- **Exercise**
Transcribe the entries below exactly, starting with the line that has "Conmemoración de los" and stopping after the line that has "Cute Dragon Sticker for iMessage"; no pictures belong in the copy.

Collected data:
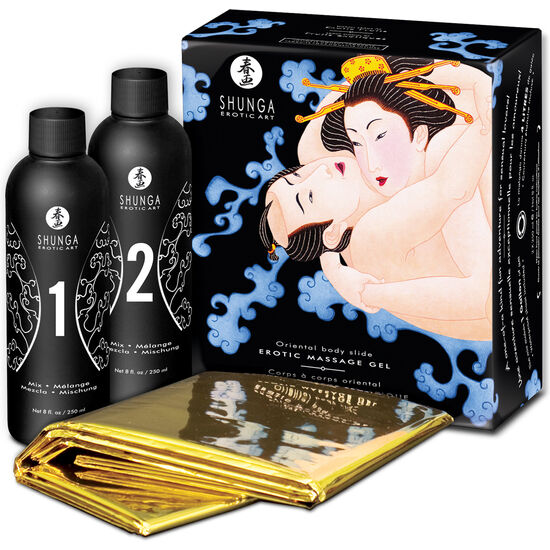 SHUNGA - GEL DE MASSAGE CORPS ÉROTIQUE ORIENTAL AUX FRUITS EXOTIQUES 
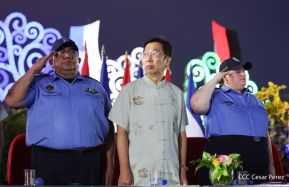 Conmemoración de los 45 años de fundación de la Policía Nacional y el Ministerio del Interior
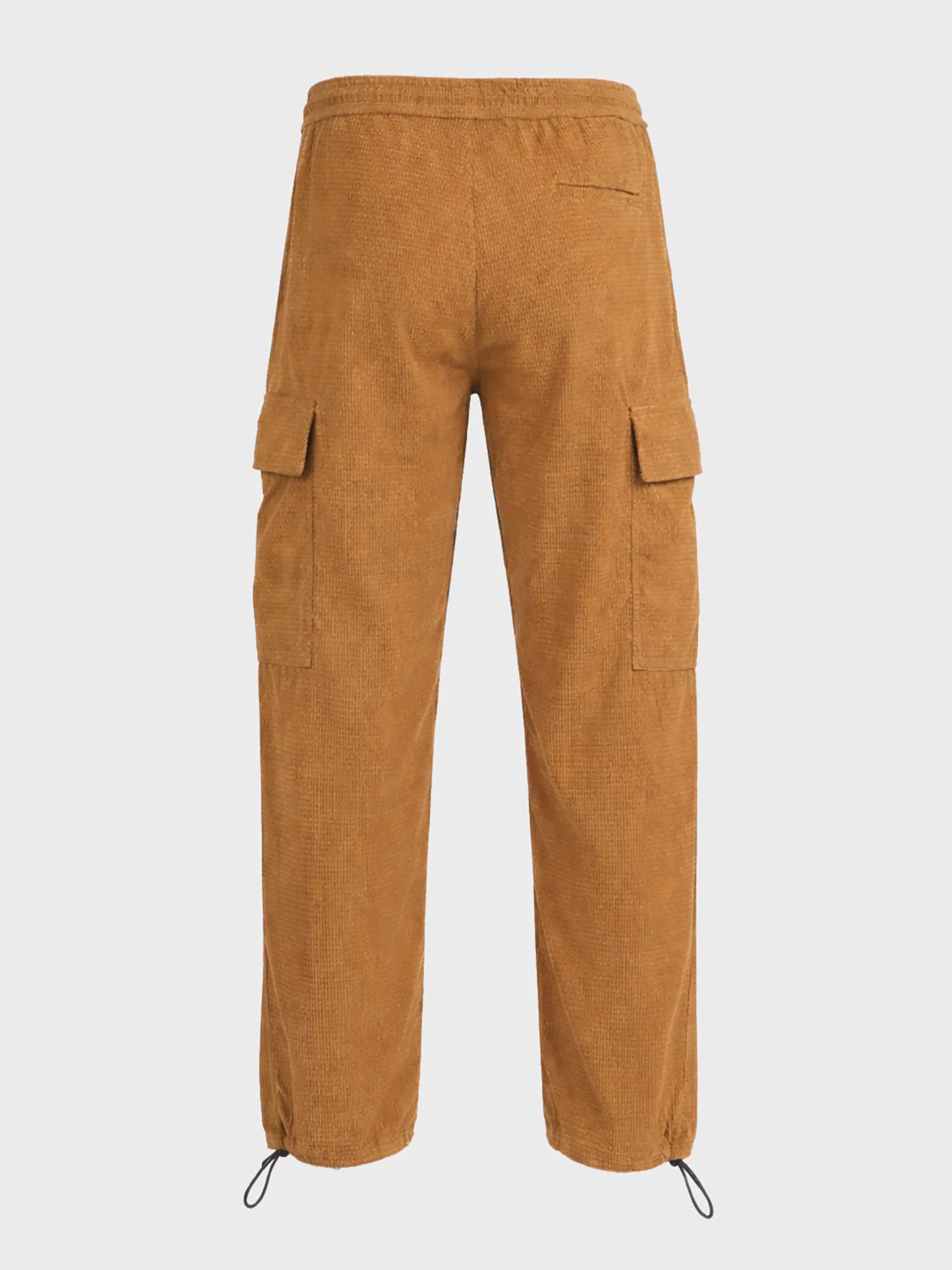 Men's Khaki Baggy Fit Textured Utility Cargo - Image 6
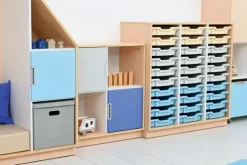 Quadro plastskuff liten lys blå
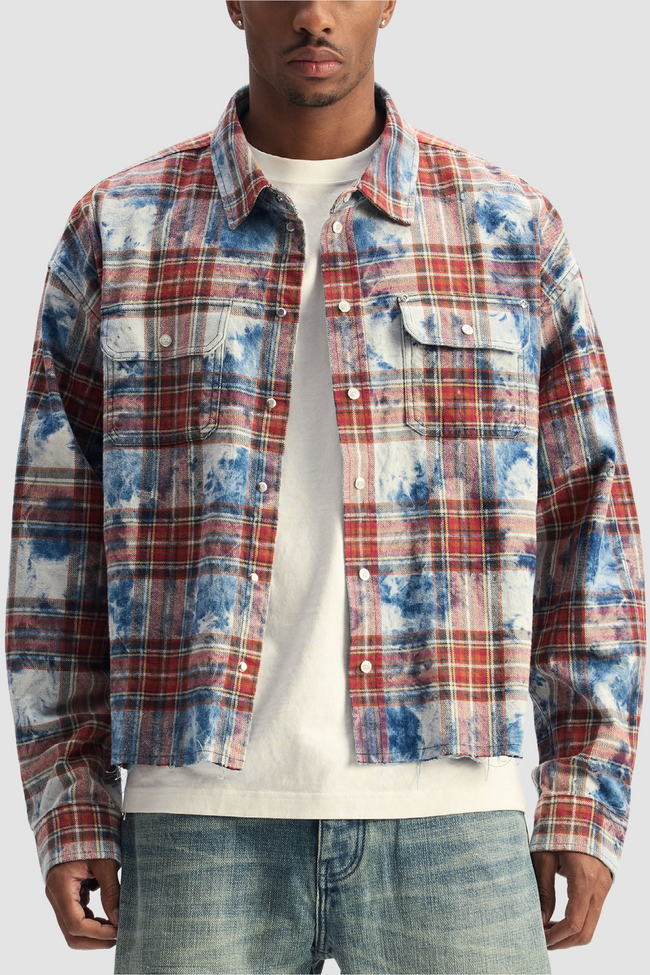 Purple Brand M3012-PLEM Embellished Flannel Shirt - Multi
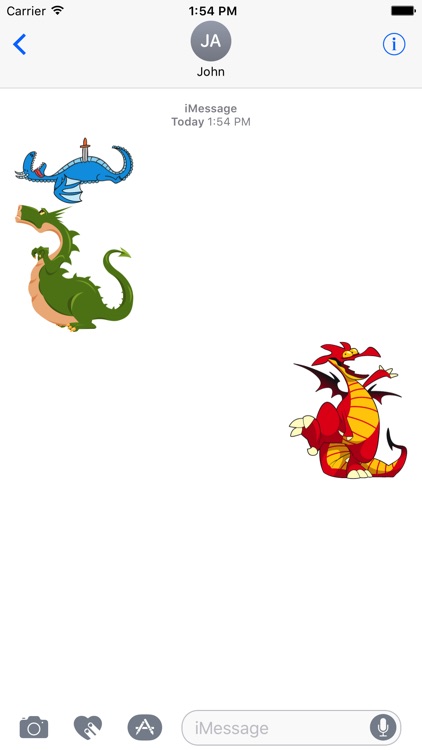 Cute Dragon Sticker for iMessage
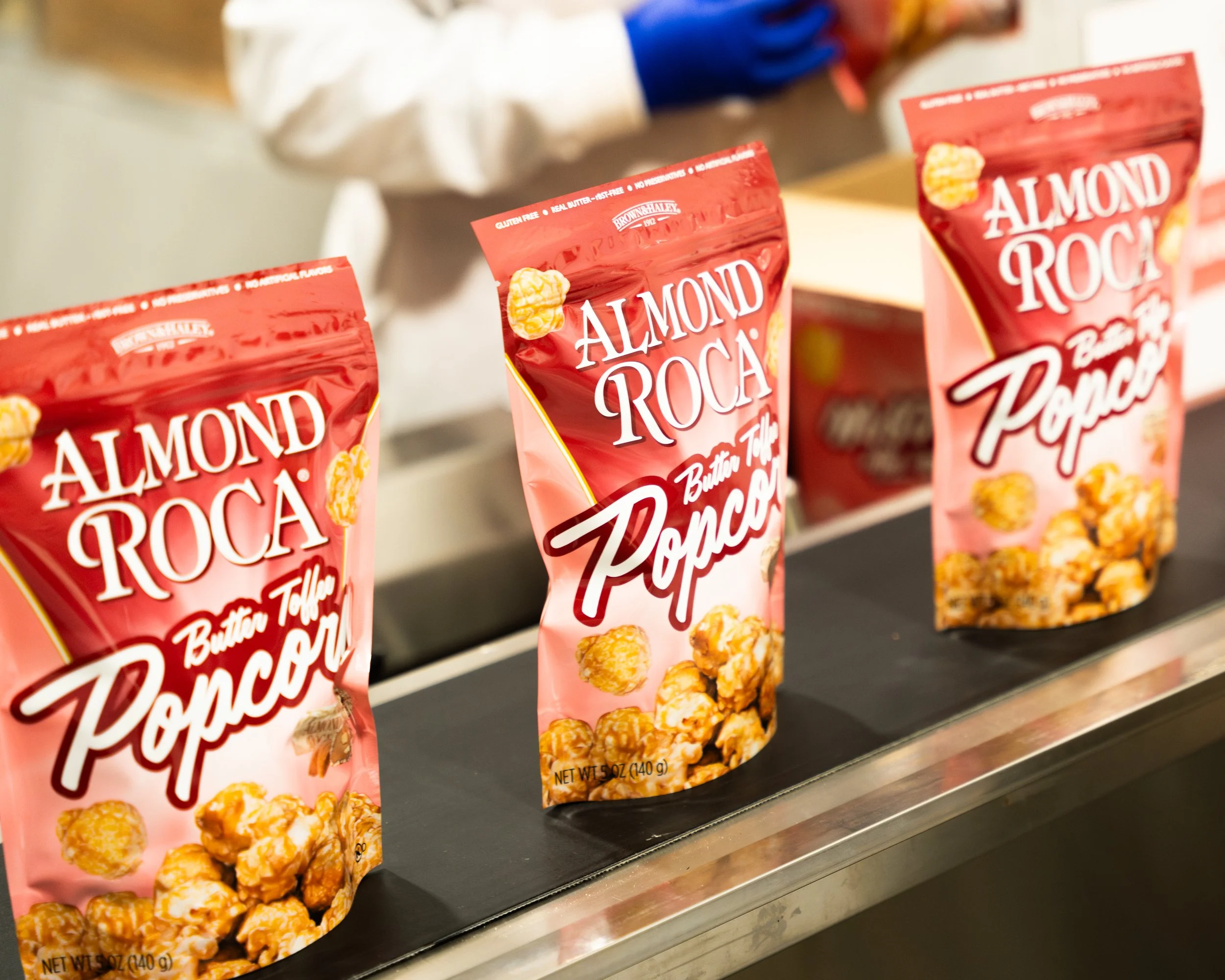 5 oz Almond ROCA Popcorn Pouch — Brown & Haley | Almond ROCA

- **The answer**
 Conmemoración de los 45 años de fundación de la Policía Nacional y el Ministerio del Interior
 Men's Khaki Baggy Fit Textured Utility Cargo - Image 6
 Quadro plastskuff liten lys blå
 Purple Brand M3012-PLEM Embellished Flannel Shirt - Multi
 Cute Dragon Sticker for iMessage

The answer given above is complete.